Task objective:
Find the line containing "February 28, 2025", then output it and every line after it through the end of the listing below, exactly as written.

#### Recorded information ####

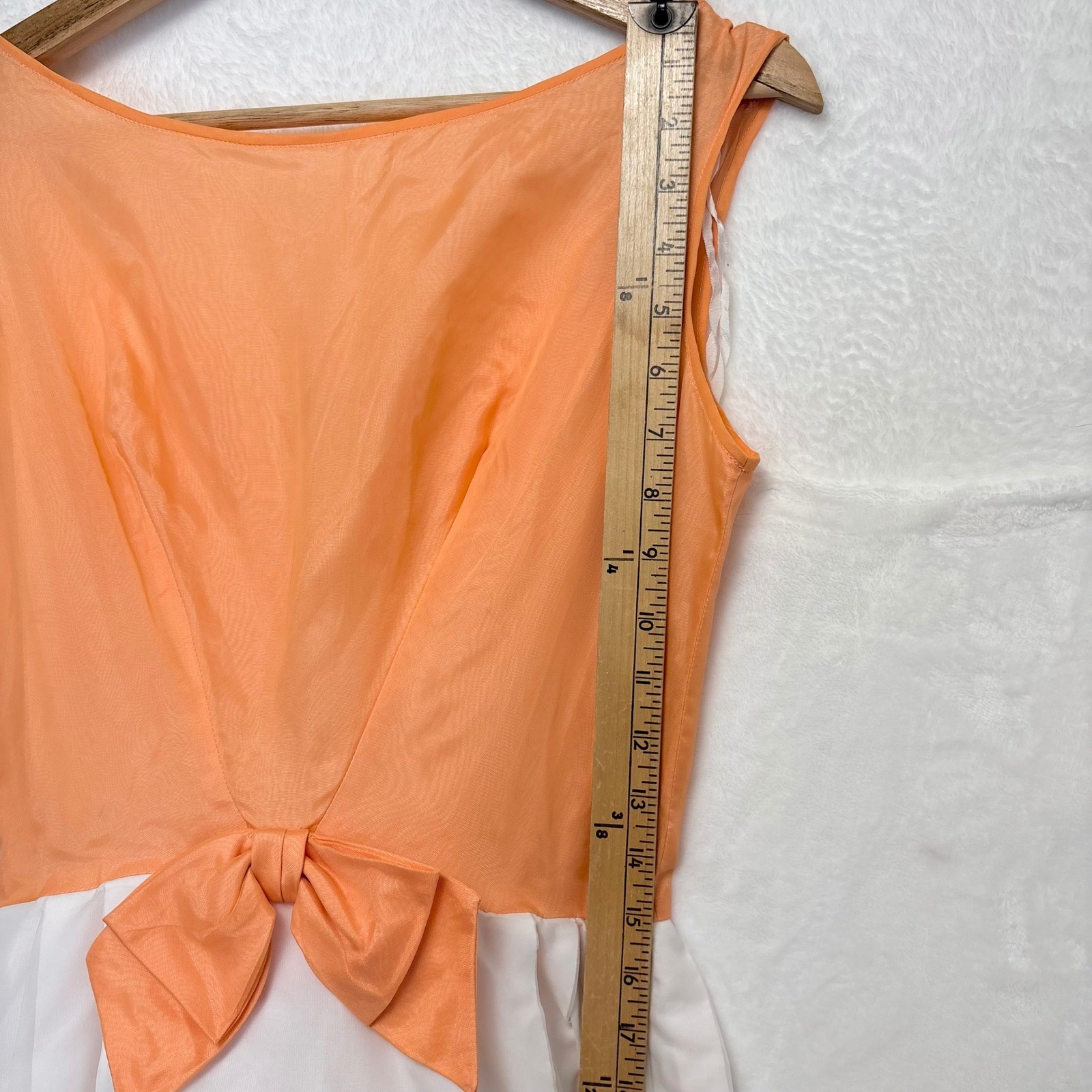 Vintage 50s 60s Peach White Embroidered Floral Dress Bow Accent Cocktail Mod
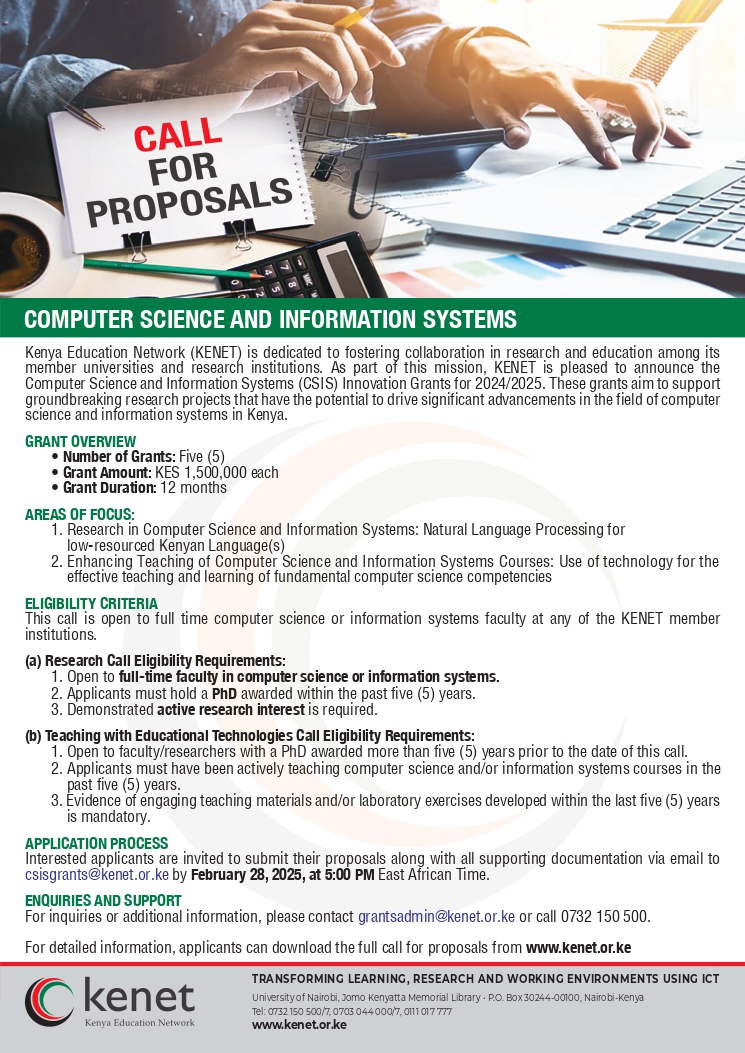 Announcement! Call for Proposals in the field of Computer Science! Passionate about innovative solutions in areas like software development, artificial intelligence, or cybersecurity, we want to hear from you!
📅 Deadline: February 28, 2025 
🔗 Learn more: kenet.or.ke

####

Exercise result:
📅 Deadline: February 28, 2025 
🔗 Learn more: kenet.or.ke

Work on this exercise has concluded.